Using anonymization and pseudonymization to reduce the overhead of GDPR compliance.
Just uttering the words General Data Protection Regulation (GDPR) is almost enough to make grown adults faint.
The GDPR is the updated and more stringent version of the European Union Data Protection Directive 95/46 EC which goes back to 1995. Things have changed a lot since the nineties. For one thing, the Internet in 1995 was still a new and shiny thing that was sparsely used; I can’t even go back as far as 1995 on the Wayback Machine. Over the interceding years, much in terms of how we create, access, and share data have changed radically. Cloud repositories, digital identity, IoT, and mobile computing have changed that landscape beyond recognition. The GDPR is a reaction to those changes.
The GDPR was actually approved in April of 2014 but is coming into enforcement on 28, May 2018. The GDPR will mean that companies, not just in the European States, but across the world will have to look closely at their data security and privacy practices.
Feeling the fear of the GDPR
There is a lot of hype and fear about the GDPR. Going back to the nineties again, it reminds me of the FUD (Fear, Uncertainty, and Doubt) used by security vendors back then.
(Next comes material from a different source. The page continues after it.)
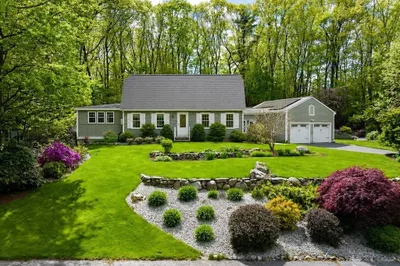 9 Running Brook Cir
Computer security, back in the day, was a hard sell. People didn't really care that much about it, it felt very geeky, and ‘somebody else’s problem’. So vendors created an atmosphere of FUD to sell security products. Some of the GDPR hype is FUD, but not all.
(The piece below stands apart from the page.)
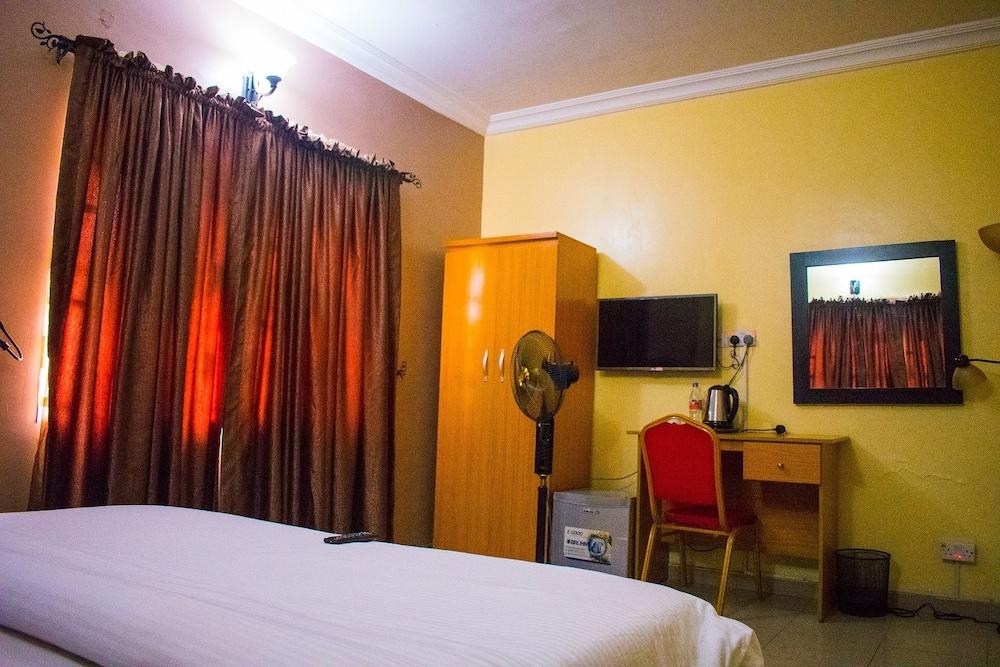 Esporta Suites - Agindingbi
The GDPR has some very specific statements around security and privacy of data. I won't go into the details here, but give you a ‘feel’ for the expectations:
The territory it covers isn’t just EU states. If you process any data belonging to an EU citizen, you have to do so under GDPR rules. This white paper by law firm Bird & Bird contains a lot of detail on the territorial scope of the GDPR.
The GDPR is about citizen/consumer (data subjects) rights in terms of their data. These rights underpin the ethos of the GDPR, for example, data subjects must be able to:
- Give explicit consent to share data
- Revoke consent to shared data
- Have the right to be forgotten (this is especially tricky when data controllers have to ensure this is reflected across search engines)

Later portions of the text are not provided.